37 million people failed the online situational awareness test and are now facing the very real prospect of being blackmailed:
Hackers claim to have personal details of more than 37 million cheating spouses on dating website Ashley Madison and have threatened to release nude photos and sexual fantasies of the site’s clients unless it is shut down, blog KrebsOnSecurity reported.
Ashley Madison’s Canadian parent, Avid Life Media, confirmed the breach on its systems and said it had since secured its site and was working with law enforcement agencies to try to trace those behind the attack.
Let’s consider the situation. The Ashley Madison website specifically specializes in helping married individuals have an affair. Since knowledge of affairs are often used as blackmail signing up for this website has pretty notable risks. The first risk is that the owners of the site will use the existence of your account to blackmail you. Another risk is exactly what happened, malicious hackers breaching the network and acquiring your personal information.

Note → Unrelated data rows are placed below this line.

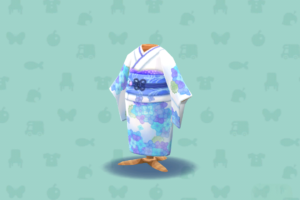 ポケ森のすいさいのあじさいなきもの・あお
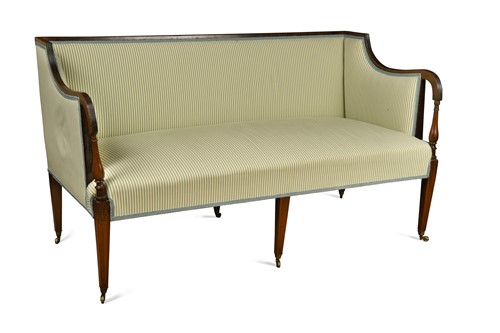Lot 792 - An Edwardian mahogany settee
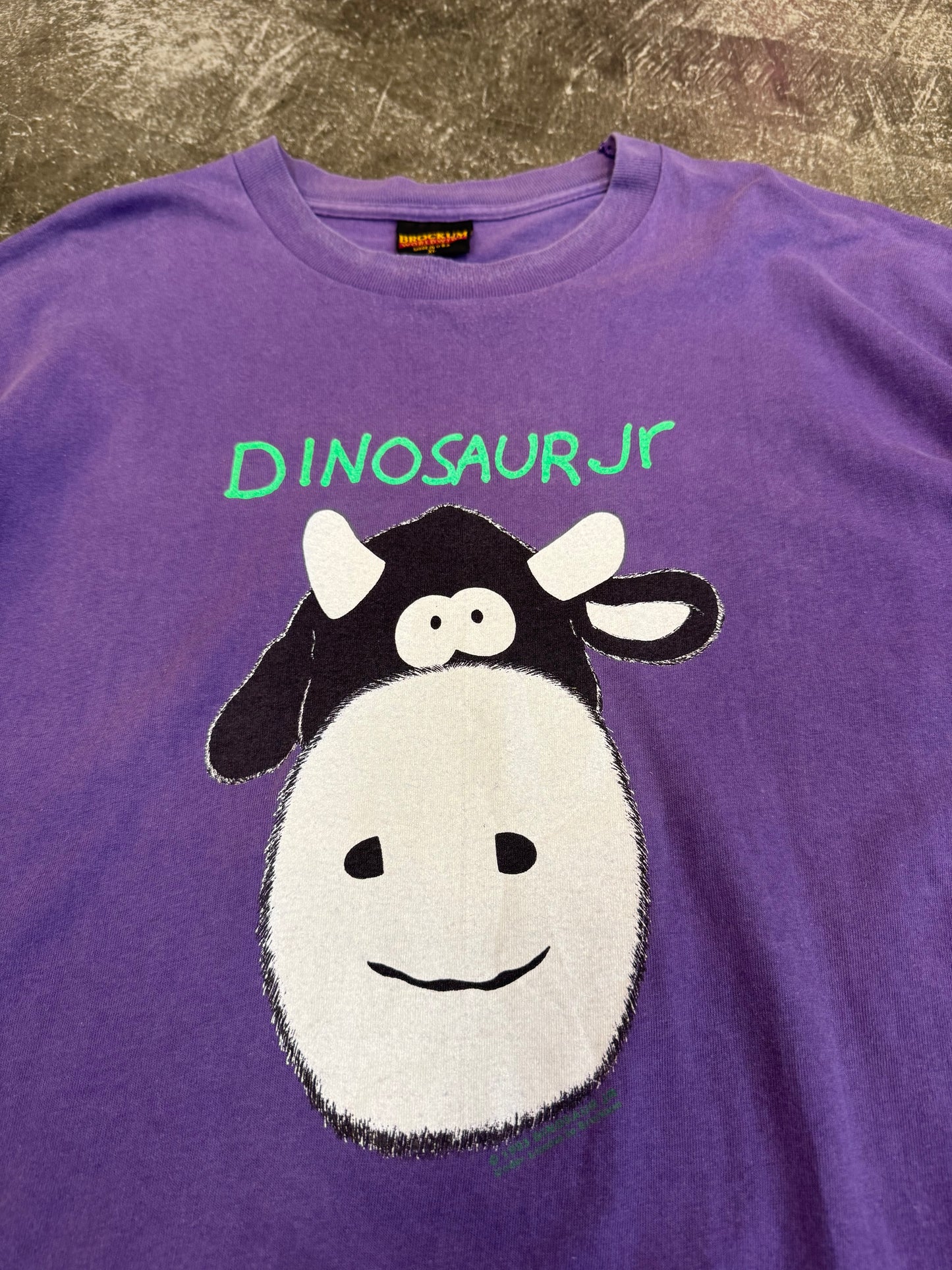 Vintage DINOSAUR Jr Purple Cotton T-Shirt Size XL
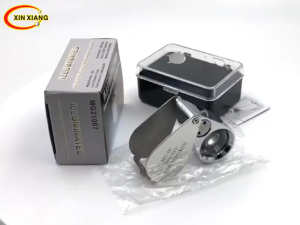 กล้องพระ กล้องส่องพระ ส่องดูชิ้นงาน แผงวงจรไฟฟ้า  อัญมณี สว่างส่องเห็นรายละเอียดชัดเจน ตัวเรือนโลหะ เลนส์แก้ว  พร้อมไฟled กำลังขยาย30X รุ่น21007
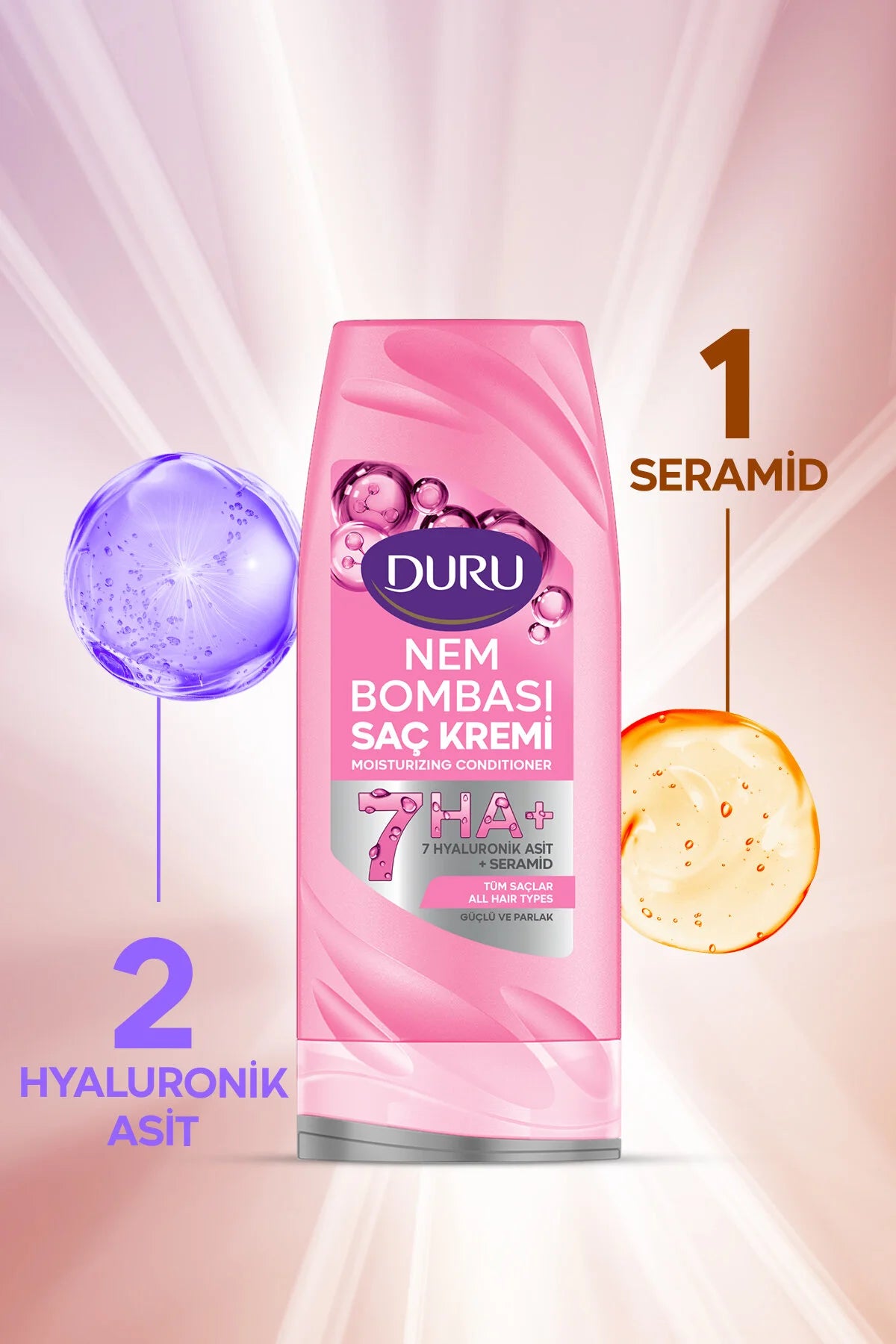Duru Moisture Bomb Hair Conditioner 2x385ml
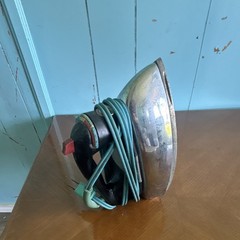 GE Vintage Corded Steam Iron, Silver/Black/Green Electric Clothes Iron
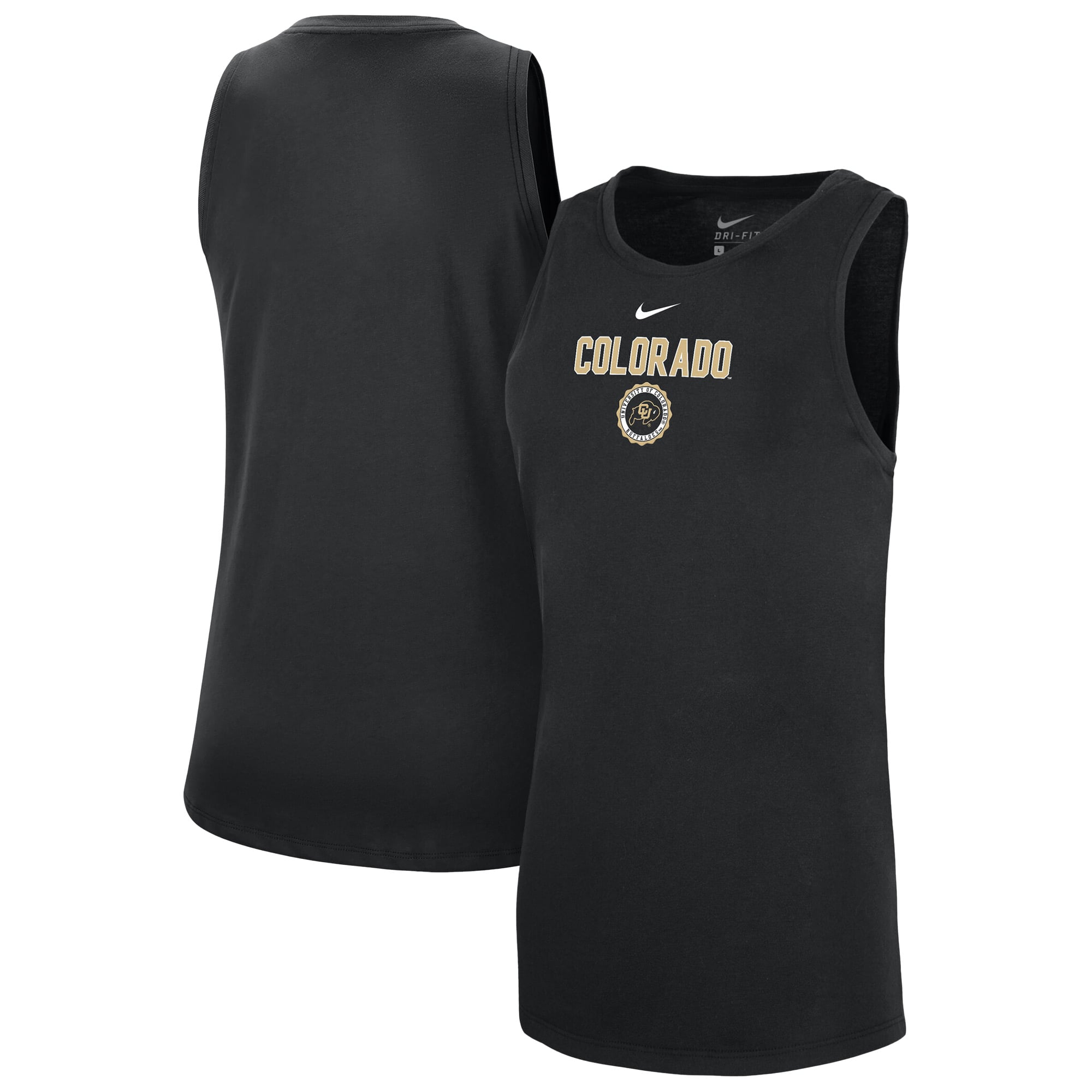 Débardeur Nike Colorado Buffaloes Dri-FIT Tomboy noir pour femme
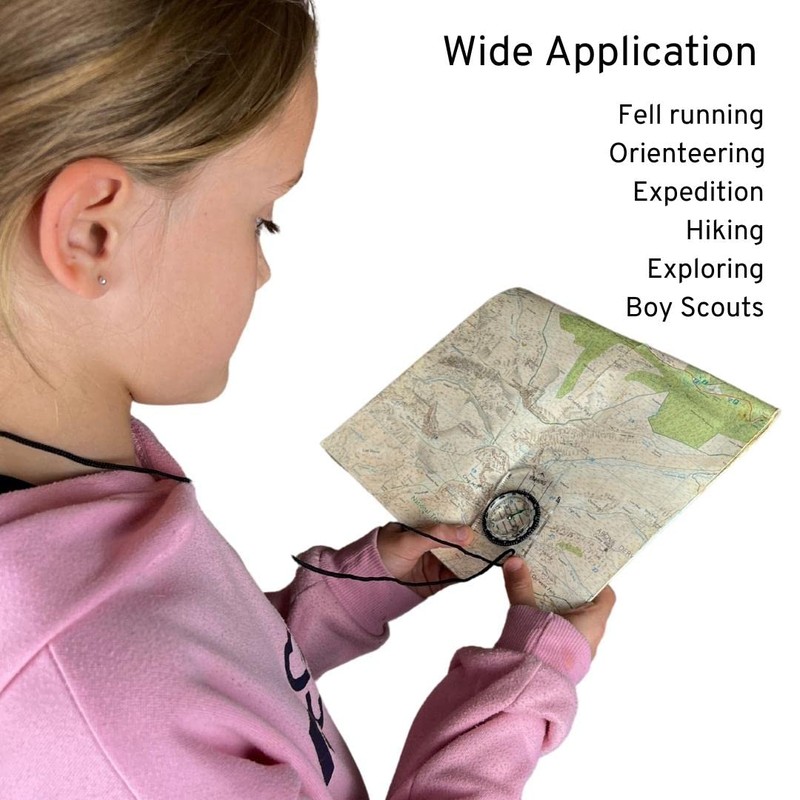 gr8ful® Navigation Compass | Ideal for Fell Running, Orienteering, Boy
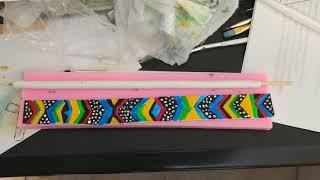 Tube bead painted Part 3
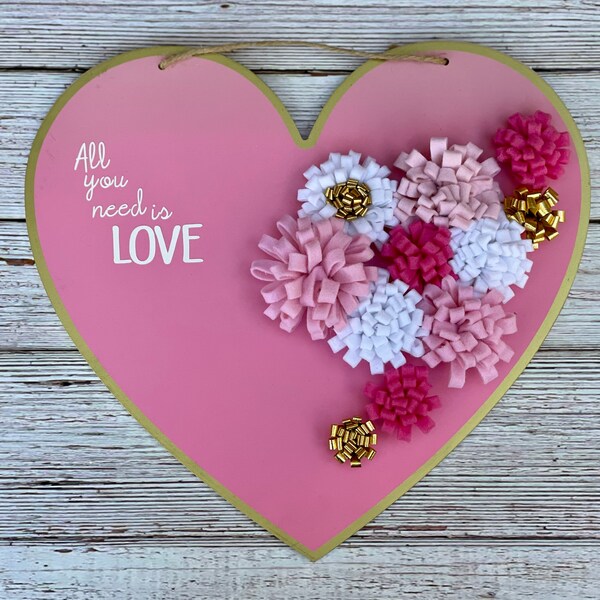 Felt Wall Flower Etsy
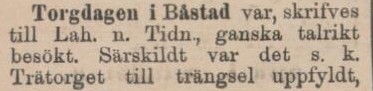 LAHOLMS NYA TIDNING – 28 april 1891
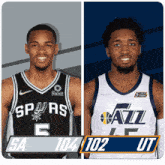 San Antonio Spurs (104) Vs. Utah Jazz (102) Post Game GIF - Nba Basketball Nba 2021 GIFs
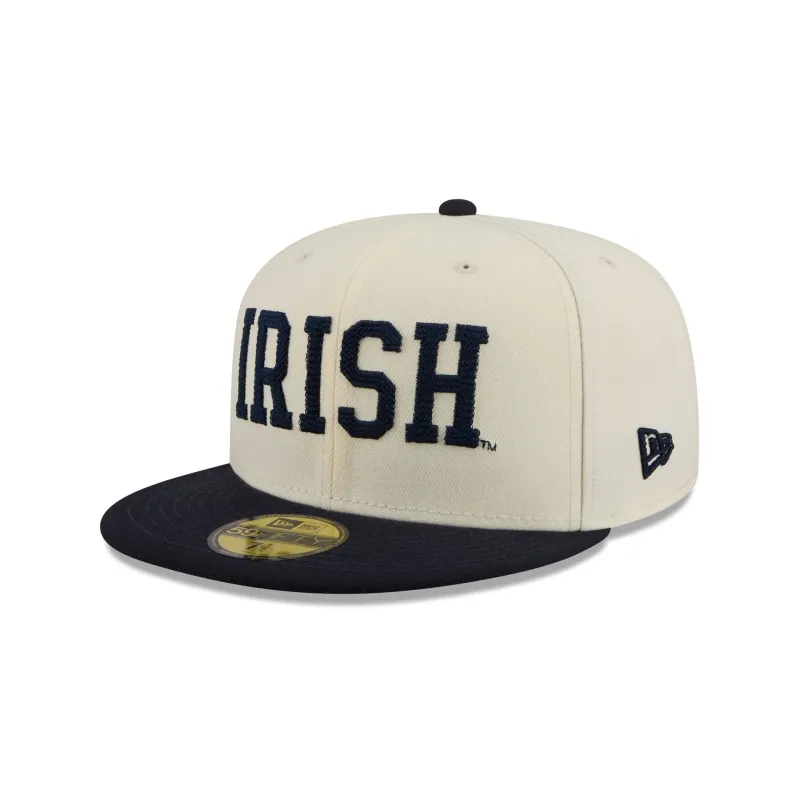 Notre Dame Fighting Irish Two Tone Stitch 59FIFTY Fitted Hat made by New Era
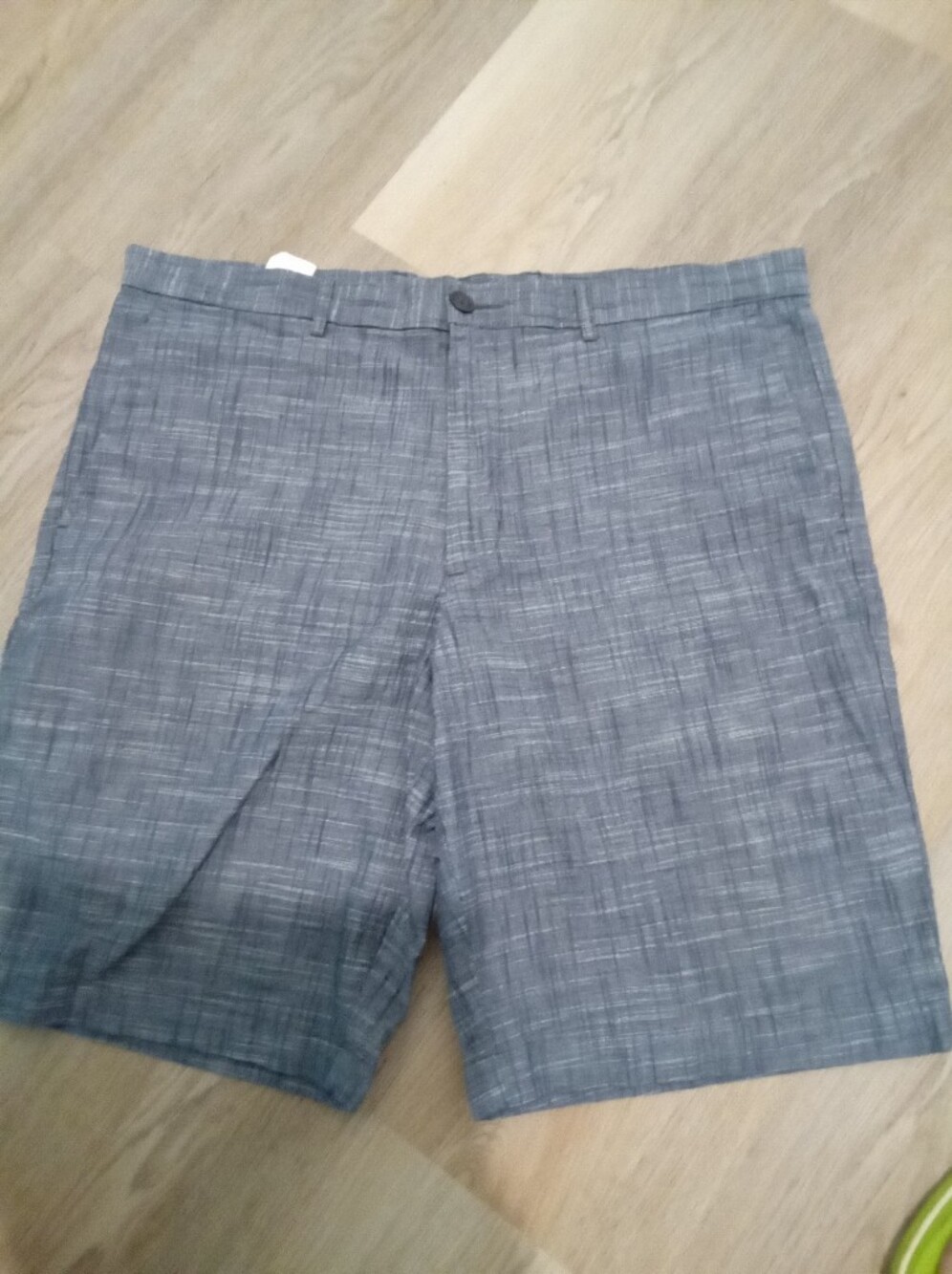 Perry Ellis Portfolio Size 34 Blue Textured Flat Front Casual Shorts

The latter risk is one faced whenever you sign up for any website. But the risks involved in your personal information from, say, Reddit being leaked is likely far less than those involved in a website that specifically advertises services to help married individuals commit adultery. That’s an important part of the situation to consider.
Another part of the situation that’s important to note is the site didn’t put any measures in place to protect your privacy in the event a breach occurred. Had the website been a hidden service that used Bitcoin as payment the ability to anonymize yourself, or at least offer plausible deniability by claiming somebody else created and maintained the account to sully your reputation, would exist. That’s exactly why Silk Road, which offered illegal services, opted for the hidden service using Bitcoin route. This website wasn’t a hidden service and, as far as I know, used credit cards, which are strongly tied to your real-life identity, for payments.
Be aware of the situation before you involve yourself in it. Failing to do so could put you in a bad situation that you could have otherwise avoided.